I did exactly the same thing. Why, with just a few dozen hours of hard work, I could probably slice 10% off my $150 a month server bill! And it would make pretty graphs and take cool algorithms and be so much cooler than A/B testing button colors even if that would be about 20 times more effective per unit of effort.
My job as a business owner is to ruthlessly soulcrush the engineer in me some days.
Yes there is: if you have work to be done with a low priority and no deadline, it's perfect.
For example, I bet the EC2 bill would be cheaper than my electric bill if I wanted to run SETI@home on a bunch of instances when it dropped below a certain mark.
The tech didn't exist 2 weeks ago, but now that it does there is a whole class of problems that can be solved more easily.

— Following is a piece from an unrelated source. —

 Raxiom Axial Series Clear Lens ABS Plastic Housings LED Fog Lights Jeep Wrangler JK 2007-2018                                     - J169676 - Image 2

I'll echo akamaka -- I like your graphs far more than timf's flash-based ones.
You might like to consider adding some indication (dotted lines, perhaps) of what the hourly rate for reserved instances is, since this should be approximately a floor on the hourly spot rate.
EDIT: Also, please adjust the vertical scaling based on the set of instances shown -- if I'm only looking at the price history for m1.small, it's silly to have it squished into the bottom 5% of the graph.
Suggestion -- use small multiples showing the data center prices on one screen, probably by making the graphs 1/4 size. Place your explanation in the space left empty since there's only (currently) 3 centers.
"A small multiple design consists of a single design repeated several times within the eyespan, each example showing a different value of the independent variable(s)."
With us-east-1.linux.m1.small prices averaging around $0.03/hour, it might make sense to just set up an instance to continuously run on spot prices instead of paying the regular $0.085/hour. It won't ever be more than $0.085/hour (otherwise users would simply switch to the standard price) and it will probably be a lot less.
Unless, of course, the spot price instances are somehow different due to their transient nature, but I don't see anything to that effect on the site. Is there some reason why this would not work?
That's what I would figure, but it also makes no sense why it would exceed the on-demand price for the same instance, except perhaps in moments of sudden demand. Maybe Amazon will intentionally make it difficult to move an instance from on-demand to spot and back to discourage this?
Spot pricing does look good when you don't need extra EC2 instances on a regular basis and when you can write restartable applications.
That said, spot prices are fairly much the same as reserved instance pricing, except with reserve instances you have an extra up front fee. I (and some of my customers) simply use reserve instances.
I also started thinking of ways to use this, but reminded myself to not get to distracted from current work.
1. Put checkboxes for every type and then combine the chart for selected types. It will be great to compare m1.small for all regions, or most cheap types in us-east-1
2. Put a chart with calculated savings: us-east-1 m1.small cost $10 but currently is trading for $5, so the chart will show you are saving %50, etc.
There is no rational reason for this.